INTERVIEW: Lyrah
Lyrah's singles Taken and Hold Me perfectly capture the state when you desperately need to hold on but the ground beneath your feet is fading. Hold Me, her latest and favourite song written as a cry out for comfort, turned out to be a source of comfort itself. We spoke to Lyrah about the writing and recording process behind it.
— How did the song come about? What came first – the production, the melody or the lyrics?
– I wrote this when I was living with my parents a year into the pandemic. I was making music out of their garage (so literally my own garage band). I made this one night when I exhausted listening to all my go-to comfort songs. It started as me in the cold, spidery garage on my uku.

The chorus was the first thing I wrote:

hold me if i lose my mind
catatonic all the time erased
promise i won't be like this forever
i can see a day


And this song felt like a breakthrough therapy session. I wrote it, wanting comfort from someone else. But now when i listen back to it, the song feels like it was written as comfort for this future me.

By the time I release something I'm normally so sick of listening to it. But that still hasn't happened with this song. It's grown in meaning and hits something unique for me.

Also I wrote this song almost a year ago. All the pieces were there but it didn't feel complete. A few months ago i revisited it and changed the rhythm of the chorus vocals, and it was suddenly there.
— It's surprising to learn this song started with just a uku. At what stage do you usually start thinking about the production? Was this an exception? Did you have the vision for this particular sound? What was the work on the production like?
— Most of my songs actually start on piano (that's my main instrument). In general I normally start with some instrument, finding the chords and pattern I want, and then go from there and bring it into Ableton and then produce it out more.

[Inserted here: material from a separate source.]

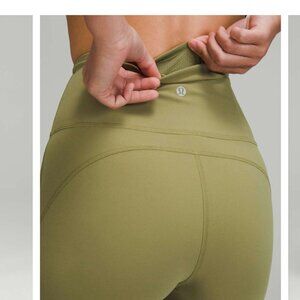 NWT Lululemon Groove Super-High-Rise Crop 23" Bronze Green NULU SIZE 4 super hr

I brought this one into ableton fast because I knew I had something good as soon as I wrote the chorus on the uku. ????

I'm most often thinking about the mood I want to encapsulate and less about the specific sound I want. The mood/feeling then dictates the sound.

And I usually create videos that capture the feeling I want. In this case I used scenes from the movie Waves.

This vid is the demo that I produced out for the song.
— And then I brought on two friends to help with the production – Jon Wienner and Nick Booth, both incredibly talented. They had produced out Dominic Fike's last album.

You'll be able to hear from the demo to the final version out there, the polish that they brought to it.

And of course then I re-recorded all the vocals since it was the scratch take in the demo version.